Project

General

Profile

HISTORY

Date Event
2009-04-30 cp1 deployed
2009-08-21 cpn deployed
2009-08-25 d0ora2 retired
2009-09-22 D0 project disks being isolated
2009-09-24 D0 project disks isolated
2009-11-19 minos files cut over to new disks
2009-11-22 minos files completely up to date on new disks

In April of 2009, Minos needed to regulate Bluearc data movement,
due to /grid/data overloads associated with Minos jobs.

None of the usual tools seem appropriate ( fcp, srmcp, SAM, ... )

The simplest route was to use the intrinsic lock management
of the Bluearc NFS server.

The initial cp1 script invoked a lock1 script,
which wrote to a single lock file /minos/data2/LOCK1

This limited us to one action at a time, was very robust,
and provided stable if suboptimal operation April 30 through Aug 21 2009.

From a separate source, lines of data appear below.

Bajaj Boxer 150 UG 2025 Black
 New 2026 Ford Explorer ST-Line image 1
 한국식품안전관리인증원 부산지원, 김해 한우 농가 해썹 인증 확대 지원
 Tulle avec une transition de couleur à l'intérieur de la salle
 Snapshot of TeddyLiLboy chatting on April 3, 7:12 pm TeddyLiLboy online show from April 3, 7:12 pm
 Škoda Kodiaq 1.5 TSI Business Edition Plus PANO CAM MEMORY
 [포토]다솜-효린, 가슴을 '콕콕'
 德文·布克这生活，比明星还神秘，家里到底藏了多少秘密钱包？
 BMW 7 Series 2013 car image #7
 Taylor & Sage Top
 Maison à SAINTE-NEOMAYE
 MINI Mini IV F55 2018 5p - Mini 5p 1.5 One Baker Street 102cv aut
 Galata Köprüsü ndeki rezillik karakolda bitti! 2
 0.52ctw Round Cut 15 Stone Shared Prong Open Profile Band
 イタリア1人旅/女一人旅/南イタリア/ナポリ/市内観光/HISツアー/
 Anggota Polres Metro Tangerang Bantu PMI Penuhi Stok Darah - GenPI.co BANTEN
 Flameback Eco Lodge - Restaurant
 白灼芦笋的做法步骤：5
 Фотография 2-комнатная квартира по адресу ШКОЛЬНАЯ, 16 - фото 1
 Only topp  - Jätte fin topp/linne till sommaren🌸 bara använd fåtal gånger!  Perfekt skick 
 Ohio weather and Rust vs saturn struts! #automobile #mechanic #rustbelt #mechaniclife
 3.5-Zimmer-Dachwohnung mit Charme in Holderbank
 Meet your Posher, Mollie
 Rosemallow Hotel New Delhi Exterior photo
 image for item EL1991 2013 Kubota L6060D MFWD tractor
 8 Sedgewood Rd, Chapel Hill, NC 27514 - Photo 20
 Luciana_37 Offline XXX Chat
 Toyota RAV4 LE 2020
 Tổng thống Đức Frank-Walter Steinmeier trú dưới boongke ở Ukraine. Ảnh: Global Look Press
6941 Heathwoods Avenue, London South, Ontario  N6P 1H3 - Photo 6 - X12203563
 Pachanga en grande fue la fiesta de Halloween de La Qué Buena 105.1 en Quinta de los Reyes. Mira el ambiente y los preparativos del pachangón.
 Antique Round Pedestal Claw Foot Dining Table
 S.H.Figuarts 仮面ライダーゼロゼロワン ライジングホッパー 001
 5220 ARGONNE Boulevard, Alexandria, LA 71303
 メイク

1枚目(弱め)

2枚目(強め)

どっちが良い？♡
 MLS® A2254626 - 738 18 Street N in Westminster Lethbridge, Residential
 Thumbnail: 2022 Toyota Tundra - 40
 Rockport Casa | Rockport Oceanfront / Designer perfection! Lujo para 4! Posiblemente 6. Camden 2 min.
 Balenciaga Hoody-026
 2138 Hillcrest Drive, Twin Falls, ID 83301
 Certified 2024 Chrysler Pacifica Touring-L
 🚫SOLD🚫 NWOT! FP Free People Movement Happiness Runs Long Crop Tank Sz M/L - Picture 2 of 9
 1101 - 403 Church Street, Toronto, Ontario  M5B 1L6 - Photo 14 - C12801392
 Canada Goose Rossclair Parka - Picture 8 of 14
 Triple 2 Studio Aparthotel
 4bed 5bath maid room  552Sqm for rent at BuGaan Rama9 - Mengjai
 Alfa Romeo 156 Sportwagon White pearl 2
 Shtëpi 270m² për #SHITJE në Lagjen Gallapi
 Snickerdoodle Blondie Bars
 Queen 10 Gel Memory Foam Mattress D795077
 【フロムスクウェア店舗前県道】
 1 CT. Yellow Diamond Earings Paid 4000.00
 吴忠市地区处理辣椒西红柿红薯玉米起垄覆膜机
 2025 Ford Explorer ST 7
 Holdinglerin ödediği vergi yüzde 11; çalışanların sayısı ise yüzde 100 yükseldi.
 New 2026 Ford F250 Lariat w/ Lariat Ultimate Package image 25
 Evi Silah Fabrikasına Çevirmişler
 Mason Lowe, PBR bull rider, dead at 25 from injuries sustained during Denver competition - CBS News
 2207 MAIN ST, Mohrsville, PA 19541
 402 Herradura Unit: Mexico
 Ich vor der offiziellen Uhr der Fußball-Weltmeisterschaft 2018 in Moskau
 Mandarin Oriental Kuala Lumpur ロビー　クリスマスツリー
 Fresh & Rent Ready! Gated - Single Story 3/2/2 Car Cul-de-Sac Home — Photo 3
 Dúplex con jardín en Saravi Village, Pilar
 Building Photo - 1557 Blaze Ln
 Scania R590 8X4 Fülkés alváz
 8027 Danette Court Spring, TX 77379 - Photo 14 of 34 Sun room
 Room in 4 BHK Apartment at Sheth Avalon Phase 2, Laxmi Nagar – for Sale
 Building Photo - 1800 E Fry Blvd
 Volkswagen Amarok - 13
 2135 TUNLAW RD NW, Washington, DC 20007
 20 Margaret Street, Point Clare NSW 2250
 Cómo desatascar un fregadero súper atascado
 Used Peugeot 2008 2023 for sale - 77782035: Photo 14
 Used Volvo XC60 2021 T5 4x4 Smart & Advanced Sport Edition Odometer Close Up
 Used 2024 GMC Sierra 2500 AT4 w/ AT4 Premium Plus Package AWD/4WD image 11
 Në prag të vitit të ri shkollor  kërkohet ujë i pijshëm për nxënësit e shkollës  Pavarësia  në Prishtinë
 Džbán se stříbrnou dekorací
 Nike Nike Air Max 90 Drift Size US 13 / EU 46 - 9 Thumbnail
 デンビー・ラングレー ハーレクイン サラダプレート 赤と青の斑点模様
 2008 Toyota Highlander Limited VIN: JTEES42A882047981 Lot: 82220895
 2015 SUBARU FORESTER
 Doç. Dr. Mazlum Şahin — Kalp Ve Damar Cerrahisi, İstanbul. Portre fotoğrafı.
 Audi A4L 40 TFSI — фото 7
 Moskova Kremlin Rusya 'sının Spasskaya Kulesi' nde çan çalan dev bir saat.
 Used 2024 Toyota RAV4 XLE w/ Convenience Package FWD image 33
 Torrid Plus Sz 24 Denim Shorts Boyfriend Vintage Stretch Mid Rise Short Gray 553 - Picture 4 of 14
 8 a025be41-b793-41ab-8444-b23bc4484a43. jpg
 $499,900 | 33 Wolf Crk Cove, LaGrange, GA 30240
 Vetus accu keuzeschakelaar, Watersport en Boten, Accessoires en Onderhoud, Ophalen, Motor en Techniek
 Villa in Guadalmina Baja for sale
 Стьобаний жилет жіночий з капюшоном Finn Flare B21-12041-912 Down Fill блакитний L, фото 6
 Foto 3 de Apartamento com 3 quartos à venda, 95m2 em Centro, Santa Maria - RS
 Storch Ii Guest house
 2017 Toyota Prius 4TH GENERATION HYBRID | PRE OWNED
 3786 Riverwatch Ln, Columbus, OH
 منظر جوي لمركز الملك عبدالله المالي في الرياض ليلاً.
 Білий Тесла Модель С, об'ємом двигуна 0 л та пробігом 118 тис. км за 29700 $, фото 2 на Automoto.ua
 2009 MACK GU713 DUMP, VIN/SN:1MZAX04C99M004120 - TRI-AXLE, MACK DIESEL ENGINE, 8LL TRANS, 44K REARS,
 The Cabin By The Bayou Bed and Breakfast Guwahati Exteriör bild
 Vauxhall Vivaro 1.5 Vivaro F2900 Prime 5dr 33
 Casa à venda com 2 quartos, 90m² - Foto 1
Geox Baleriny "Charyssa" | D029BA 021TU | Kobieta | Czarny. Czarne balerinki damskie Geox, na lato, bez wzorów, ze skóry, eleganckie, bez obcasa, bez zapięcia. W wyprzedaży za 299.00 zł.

The primary cause of the overloads turned out to be Oracle RMAN backups
running from node d0ora2 with a misconfigured Fiber Channel interface.
d0ora2 was shut down Aug 25, 2009, removing that problem.

A secondary cause was unregulated access to the D0 project areas.

But regulating Bluearc access was still a good idea.

In Aug 2009 cp1 was migrated to cpn, allowing more activity and better control.

Locks are taken by touching files in a LOCKS directory.

By default, this is under /grid/data/${GROUP}/LOCK, where GROUP is the gid.

The 'limit' file sets the upper limit on locks.

When there are too many locks,
clients put themselves in a queue by touching a file in QUEUE.

Queued clients poll longer than 'wait' seconds,
with an interval calculated to result in a global 'rate' polling rate.

Queued clients also post a udp read.

Unlocking clients send a udp message to the process at the head of the queue.

Unlocking clients move their history information under LOG.

Locks older than 'stale' minutes are ignored.

Queue entries older than 'staleq' minutes are ignored.

'lock clean' appends LOG entries to monthly files under LOGS,
and similarly moves stale locks and queues to STALE/LOCKS and STALE/QUEUE.